That is I was sold them as _C. japonica_, and they look distinctly like _C. japonica_ however they may have been another _Caridinia _spp, but not being an expert I am not sure if the difference between species of this genus is significant, and whether they require different conditions to grow from larvae to adult. 

Anyway, I had a couple of the females heavy with eggs for a while, and immediately after a substantial water change I noticed a swarm of larvae suspended in the water column.

Unfortunately, my glutinous angels polished most of them off, and I was quite happy to let them since I believed at the time they wouldn't survive anyway. Their natural history involves being swept down to the ocean, where they mature before returning to freshwater.

However, I've been fascinated by natural history since a small child, and it has influenced my career path and hobbies (obviously) and I have often seen natural phenomena that runs contrary to established wisdom.

So...maybe Marks shrimp didn't read the text book!


----------



## tim (9 Jul 2012)

just a question for experts scientifically minded people would the need for saltwater for shrimps food to thrive be possible in an ei tank as they are salts we add to the tank as ferts possible ?


----------



## frothhelmet (15 Jul 2012)

Mark, you will sell them to the forums at some point won't you? Not only do I want them, but med-size shrimp that are peaceful and breed in freshwater are super rare, and there have to be quite a few hobbyists who would be interested. And if they eat algae like the amanos so much the better for us aquascapers.


----------



## FreshWater Shrimp (15 Jul 2012)

Mostly all "Amanos" in the UK or Germany are from Hong Kong as we are not aware any importer directly importing from Japan. They all import HK, China, Taiwan, Indonesia ...
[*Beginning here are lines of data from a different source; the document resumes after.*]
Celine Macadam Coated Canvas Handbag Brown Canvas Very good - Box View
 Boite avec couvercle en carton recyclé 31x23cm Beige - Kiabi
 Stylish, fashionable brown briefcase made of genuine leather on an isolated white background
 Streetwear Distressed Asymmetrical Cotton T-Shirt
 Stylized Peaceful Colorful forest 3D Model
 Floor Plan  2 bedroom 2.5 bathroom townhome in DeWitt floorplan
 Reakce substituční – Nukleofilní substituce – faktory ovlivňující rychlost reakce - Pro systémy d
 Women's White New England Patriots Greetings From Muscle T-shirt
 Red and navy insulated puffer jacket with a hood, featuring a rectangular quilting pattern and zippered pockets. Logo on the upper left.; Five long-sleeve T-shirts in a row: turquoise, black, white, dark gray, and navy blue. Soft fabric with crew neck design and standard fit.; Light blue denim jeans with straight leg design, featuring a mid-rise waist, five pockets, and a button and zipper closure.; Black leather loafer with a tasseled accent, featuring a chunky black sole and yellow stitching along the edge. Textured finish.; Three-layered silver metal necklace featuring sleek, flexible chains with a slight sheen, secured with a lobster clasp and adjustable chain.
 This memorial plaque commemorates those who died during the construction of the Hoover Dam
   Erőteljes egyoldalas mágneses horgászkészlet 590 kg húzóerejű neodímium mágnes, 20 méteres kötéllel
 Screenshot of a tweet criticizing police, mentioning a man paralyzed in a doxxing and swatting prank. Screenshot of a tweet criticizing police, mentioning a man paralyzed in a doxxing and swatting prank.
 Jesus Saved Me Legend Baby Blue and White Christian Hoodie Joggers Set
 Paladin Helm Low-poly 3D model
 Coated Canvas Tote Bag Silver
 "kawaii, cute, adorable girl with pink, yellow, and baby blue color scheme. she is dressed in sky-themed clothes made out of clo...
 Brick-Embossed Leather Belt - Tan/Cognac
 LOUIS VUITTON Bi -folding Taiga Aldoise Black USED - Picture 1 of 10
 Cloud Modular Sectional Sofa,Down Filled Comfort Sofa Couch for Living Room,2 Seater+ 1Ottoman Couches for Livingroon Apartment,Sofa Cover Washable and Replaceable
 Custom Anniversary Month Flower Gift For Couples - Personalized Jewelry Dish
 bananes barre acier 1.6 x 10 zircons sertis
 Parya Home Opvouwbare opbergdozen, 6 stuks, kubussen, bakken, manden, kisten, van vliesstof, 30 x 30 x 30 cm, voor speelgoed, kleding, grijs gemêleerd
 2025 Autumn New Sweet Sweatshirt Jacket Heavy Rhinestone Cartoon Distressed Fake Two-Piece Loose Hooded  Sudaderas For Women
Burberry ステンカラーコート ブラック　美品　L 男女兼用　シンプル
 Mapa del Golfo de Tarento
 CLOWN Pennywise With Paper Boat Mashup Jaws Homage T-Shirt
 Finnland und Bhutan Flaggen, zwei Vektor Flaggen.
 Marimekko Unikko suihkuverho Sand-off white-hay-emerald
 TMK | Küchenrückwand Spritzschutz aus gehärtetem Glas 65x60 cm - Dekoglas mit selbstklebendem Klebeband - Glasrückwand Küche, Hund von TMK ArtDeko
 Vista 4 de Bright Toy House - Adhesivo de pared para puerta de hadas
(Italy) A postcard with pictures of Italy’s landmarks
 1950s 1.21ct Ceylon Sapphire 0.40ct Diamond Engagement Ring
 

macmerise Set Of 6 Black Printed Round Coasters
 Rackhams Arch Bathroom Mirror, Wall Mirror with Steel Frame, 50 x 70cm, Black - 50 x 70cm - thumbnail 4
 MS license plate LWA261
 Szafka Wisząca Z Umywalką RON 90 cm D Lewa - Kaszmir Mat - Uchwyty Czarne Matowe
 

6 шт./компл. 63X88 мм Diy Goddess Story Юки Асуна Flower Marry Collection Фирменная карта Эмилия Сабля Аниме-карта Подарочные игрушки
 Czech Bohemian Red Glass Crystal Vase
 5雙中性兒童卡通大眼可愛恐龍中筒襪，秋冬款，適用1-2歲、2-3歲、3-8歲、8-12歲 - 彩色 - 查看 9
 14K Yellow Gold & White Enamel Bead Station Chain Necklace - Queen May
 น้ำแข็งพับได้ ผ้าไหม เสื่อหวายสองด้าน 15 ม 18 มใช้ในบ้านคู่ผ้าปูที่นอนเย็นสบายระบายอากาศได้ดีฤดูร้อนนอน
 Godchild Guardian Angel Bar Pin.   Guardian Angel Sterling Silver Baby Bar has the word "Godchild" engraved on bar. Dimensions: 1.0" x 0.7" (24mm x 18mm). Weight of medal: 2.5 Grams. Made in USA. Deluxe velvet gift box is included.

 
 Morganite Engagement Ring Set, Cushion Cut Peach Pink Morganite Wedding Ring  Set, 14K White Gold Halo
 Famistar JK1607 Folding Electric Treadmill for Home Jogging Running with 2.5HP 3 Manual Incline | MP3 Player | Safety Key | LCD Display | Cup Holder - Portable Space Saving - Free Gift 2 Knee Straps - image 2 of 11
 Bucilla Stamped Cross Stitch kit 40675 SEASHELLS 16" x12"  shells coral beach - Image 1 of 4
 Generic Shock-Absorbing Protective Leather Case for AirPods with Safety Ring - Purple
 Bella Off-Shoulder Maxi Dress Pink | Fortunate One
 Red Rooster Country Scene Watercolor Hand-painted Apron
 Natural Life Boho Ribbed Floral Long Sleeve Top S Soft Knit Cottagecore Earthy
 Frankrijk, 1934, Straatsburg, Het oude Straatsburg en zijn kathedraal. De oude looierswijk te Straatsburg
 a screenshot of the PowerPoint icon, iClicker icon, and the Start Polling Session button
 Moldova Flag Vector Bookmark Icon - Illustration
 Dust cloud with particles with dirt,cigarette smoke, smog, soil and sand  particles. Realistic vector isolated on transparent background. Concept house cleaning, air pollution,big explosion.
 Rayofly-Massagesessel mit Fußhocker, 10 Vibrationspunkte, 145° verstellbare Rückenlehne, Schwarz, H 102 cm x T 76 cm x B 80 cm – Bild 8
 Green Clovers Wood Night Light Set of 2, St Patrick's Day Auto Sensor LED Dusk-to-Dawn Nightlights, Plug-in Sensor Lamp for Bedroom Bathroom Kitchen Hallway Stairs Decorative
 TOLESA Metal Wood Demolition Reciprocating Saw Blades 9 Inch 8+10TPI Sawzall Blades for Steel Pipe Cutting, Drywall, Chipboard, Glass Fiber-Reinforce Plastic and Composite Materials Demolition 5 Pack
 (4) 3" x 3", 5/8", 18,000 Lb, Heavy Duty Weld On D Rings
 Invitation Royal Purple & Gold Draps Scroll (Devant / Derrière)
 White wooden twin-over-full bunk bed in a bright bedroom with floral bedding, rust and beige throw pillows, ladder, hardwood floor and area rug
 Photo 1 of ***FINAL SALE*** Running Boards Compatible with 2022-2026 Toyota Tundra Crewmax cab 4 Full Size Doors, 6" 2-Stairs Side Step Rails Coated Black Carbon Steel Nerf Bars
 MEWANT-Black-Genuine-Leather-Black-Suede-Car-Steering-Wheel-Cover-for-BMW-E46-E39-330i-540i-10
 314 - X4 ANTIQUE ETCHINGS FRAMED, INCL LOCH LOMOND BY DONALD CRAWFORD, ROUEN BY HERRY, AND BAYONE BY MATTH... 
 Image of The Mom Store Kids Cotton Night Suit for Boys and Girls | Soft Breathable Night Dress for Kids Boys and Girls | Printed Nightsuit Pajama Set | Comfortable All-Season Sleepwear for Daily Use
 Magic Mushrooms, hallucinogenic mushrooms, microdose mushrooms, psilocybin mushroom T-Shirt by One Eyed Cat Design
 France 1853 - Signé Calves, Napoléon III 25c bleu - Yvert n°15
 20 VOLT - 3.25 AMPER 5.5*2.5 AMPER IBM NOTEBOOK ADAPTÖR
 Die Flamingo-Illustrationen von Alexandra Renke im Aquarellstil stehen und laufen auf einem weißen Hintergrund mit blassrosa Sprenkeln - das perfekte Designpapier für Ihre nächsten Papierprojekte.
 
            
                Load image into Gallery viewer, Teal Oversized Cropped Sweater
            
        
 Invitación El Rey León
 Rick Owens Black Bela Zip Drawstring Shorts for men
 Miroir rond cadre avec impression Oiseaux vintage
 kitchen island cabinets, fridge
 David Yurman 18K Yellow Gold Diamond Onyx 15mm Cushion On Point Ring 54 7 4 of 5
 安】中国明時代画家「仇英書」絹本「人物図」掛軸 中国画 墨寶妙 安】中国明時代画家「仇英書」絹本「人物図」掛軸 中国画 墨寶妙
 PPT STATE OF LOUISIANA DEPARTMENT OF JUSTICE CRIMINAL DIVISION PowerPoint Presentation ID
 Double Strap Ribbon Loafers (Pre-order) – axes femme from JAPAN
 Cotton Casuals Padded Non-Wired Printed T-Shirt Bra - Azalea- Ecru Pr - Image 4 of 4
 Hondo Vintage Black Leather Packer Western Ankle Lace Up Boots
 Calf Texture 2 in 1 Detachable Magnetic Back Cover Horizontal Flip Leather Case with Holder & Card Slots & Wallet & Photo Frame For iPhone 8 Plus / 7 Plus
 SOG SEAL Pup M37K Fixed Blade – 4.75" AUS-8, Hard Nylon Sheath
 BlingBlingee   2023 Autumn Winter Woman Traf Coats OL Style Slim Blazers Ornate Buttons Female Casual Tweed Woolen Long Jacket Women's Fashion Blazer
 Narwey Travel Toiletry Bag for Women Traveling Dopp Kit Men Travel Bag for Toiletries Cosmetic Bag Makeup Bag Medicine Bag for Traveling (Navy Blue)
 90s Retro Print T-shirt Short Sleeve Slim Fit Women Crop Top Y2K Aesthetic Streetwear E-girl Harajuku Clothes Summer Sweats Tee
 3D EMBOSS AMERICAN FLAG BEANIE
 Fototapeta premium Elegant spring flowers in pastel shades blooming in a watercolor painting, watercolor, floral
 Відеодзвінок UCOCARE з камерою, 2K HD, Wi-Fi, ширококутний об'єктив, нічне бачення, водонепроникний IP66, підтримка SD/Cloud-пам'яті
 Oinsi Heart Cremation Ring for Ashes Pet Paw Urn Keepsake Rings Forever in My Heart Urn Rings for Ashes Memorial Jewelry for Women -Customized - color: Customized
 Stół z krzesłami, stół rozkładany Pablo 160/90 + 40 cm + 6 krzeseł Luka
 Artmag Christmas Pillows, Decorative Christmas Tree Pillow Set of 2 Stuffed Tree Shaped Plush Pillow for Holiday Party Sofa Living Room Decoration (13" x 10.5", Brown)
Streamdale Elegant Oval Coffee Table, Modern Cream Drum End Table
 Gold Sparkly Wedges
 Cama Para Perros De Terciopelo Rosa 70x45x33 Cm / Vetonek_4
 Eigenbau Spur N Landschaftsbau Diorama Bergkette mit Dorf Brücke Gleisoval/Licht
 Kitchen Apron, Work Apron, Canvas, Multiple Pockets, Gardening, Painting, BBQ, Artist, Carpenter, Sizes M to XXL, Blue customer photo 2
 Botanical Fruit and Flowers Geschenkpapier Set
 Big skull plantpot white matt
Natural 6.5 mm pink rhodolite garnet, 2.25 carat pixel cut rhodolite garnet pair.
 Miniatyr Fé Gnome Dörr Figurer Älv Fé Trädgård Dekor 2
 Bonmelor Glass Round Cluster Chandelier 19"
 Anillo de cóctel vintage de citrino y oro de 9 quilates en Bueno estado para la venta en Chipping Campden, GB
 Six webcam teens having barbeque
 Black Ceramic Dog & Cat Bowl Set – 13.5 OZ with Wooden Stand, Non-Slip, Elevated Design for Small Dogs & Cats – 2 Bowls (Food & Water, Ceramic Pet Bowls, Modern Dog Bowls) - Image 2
It still does not rule out they are not true amanos. Everybody would already breed them readily otherwise. Or nature found it's course. As said before Mosura is claiming it is proper micro food dispersed in water not salty water required to raise this shrimp. Found berried amano in our tank so only way is to test it out now.

Anyway it does not matter as long as they do proper job cleaning algae and are fun to watch, when hungry they destroy everything including some plants.


----------



## greenink (15 Jul 2012)

I've been wondering this myself for a while. I've definitely got some tiny very-Amano-like shrimp (1cm) in my big tank, and I definitely didn't buy any that size.


----------